Tuesday, June 27, 2006

Success measured in vegetables

Ava, you just said words that made me feel like I'm doing something right in my job as a Mom:

"More broccoli."

No, I didn't make you say please.

Wednesday, June 14, 2006

Euphamisms in the bathroom

Someday you will probably want to throw me fully dressed into a large, cold, swimming pool for what I'm about to write, but for now, I have to share because it's so cute it's funny.

For the longest time, like three or four months now, you've had a training toilet. No, it's not a potty because I hate that non-word. Okay, so Merriam Webster's online dictionary says this is a word, but that doesn't mean it is a word I like. As a word it sounds condescending, as if a the word toilet is so multi-syllablic or foreign that a toddler can't understand.

In our house we don't use that word, but instead we say "pee pee." This doesn't bug me and I can live with the hypocracy.

Up until the last couple weeks of training toilet ownership, you've used your toilet as a place to sit fully clothed while someone else is using the big toilet. You insist on having a square of toilet paper to wipe the back of your pants, right about where your sacrum is. Then you have to throw your square of paper into the big toilet so you can watch it flush.

But since you've started at school you have a new routine. We ask you now if you want to "go pee pee" and you shreek, delightely, as if this was better than Elmo and Nemo on a joint Saturday morning special "go pee pee! go pee pee!"

Then you want to strip. This would be highly understandable if you just wanted to pull your pants down and your Dora easy up diaper. (Elmo diapers weren't allowed in our house any more once you wore your first Dora.) But alas, you want to take off every shred of clothing to go pee pee on your training toilet.

"Shirt off!" you say authoritatively. "Shoes off! Socks off! Pants off! Diaper off!" until we have a bare naked Ava sitting on her training toilet to go pee pee.

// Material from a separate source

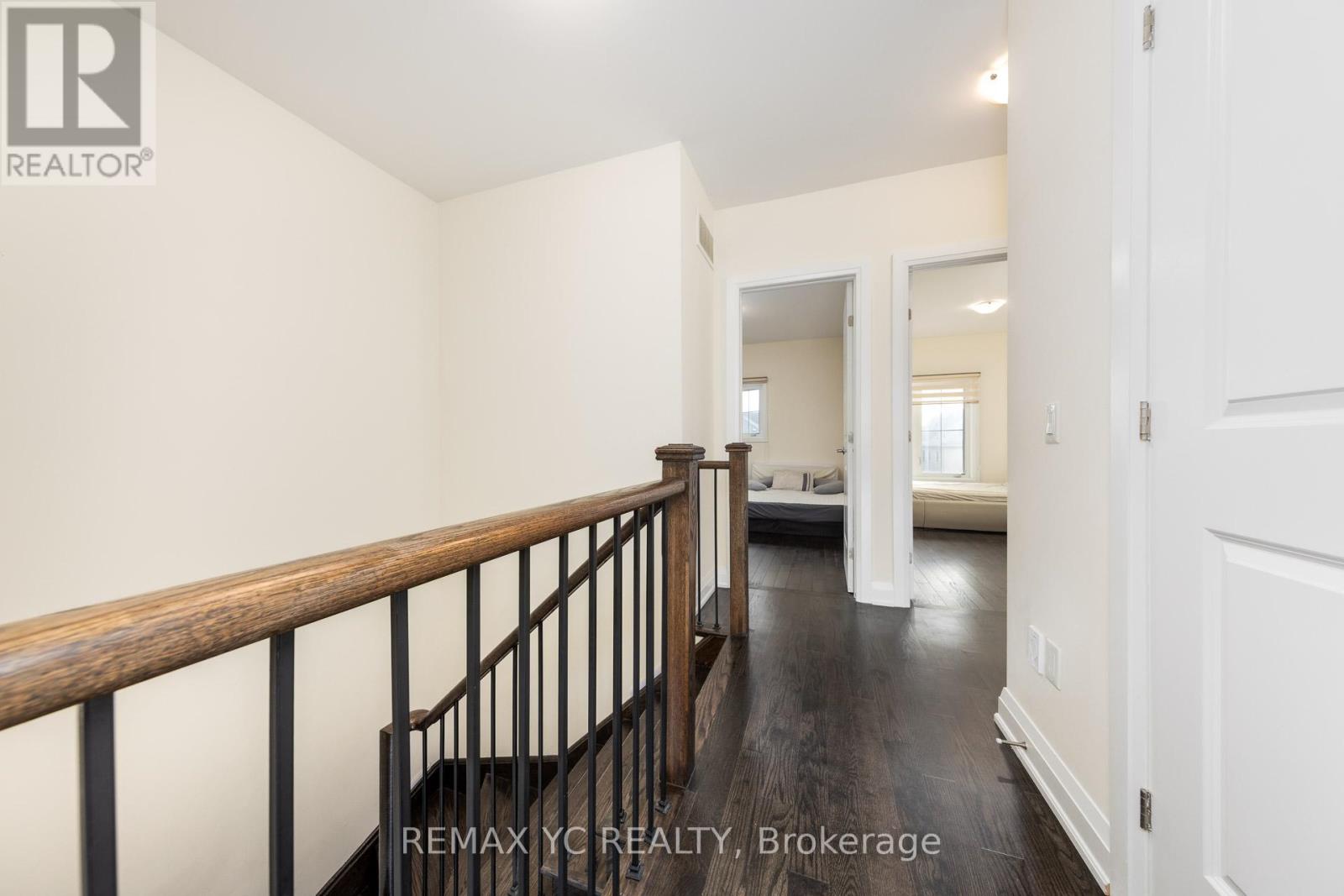 33 Duncombe Lane, Richmond Hill, Ontario  L4C 1C2 - Photo 20 - N12567088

But you don't actually pee. You just sit there grinning, naked, sitting on your royal plastic throne. Someday, I'm certain, going pee pee will actually produce urine, and not just a naked Ava.

Thursday, June 01, 2006

Twenty Six Months

My sweet little girl,

You are blossoming before my eyes. You are on balancing on the teeter totter between baby and little kid. You once spoke in single words but now the words come together in twos and threes. Soon whole complete sentences will parade out of your mouth in your little kid voice and your baby laugh will loose its nasal tone.

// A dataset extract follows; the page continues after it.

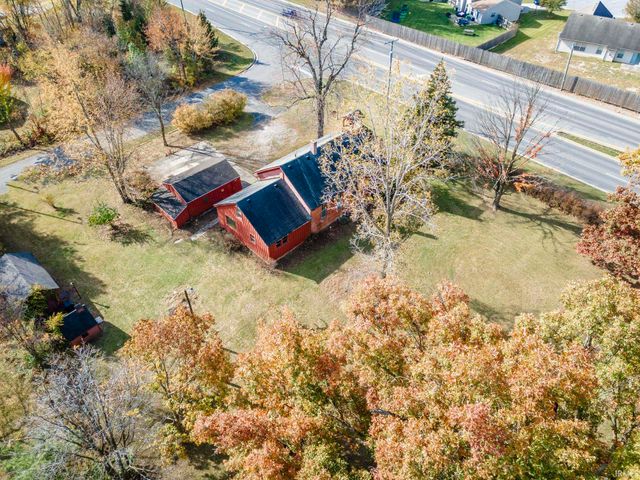 8126 Coldwater Road, Fort Wayne, IN 46825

You are jumping! Mostly your jumps are upwards for a fraction of an inch and then plummeting onto your bottom, but I did really see you defy gravity and take both feet from the ground then land back on them. Congrats, little one!

I think two is the most fun of all ages - you're independent and dependent; you use words to communicate and I understand a majority of the time. You laugh at me, yourself, and the kitty cats. Daddy and I, we laugh at the things you do.

When I'm leaving and ask for a kiss, I sometimes get a kiss from your lips, but usually you hold out your right palm for me to kiss and then your left palm. No, I have no idea where you got this idea, but I can understand the importance of having redundant kisses.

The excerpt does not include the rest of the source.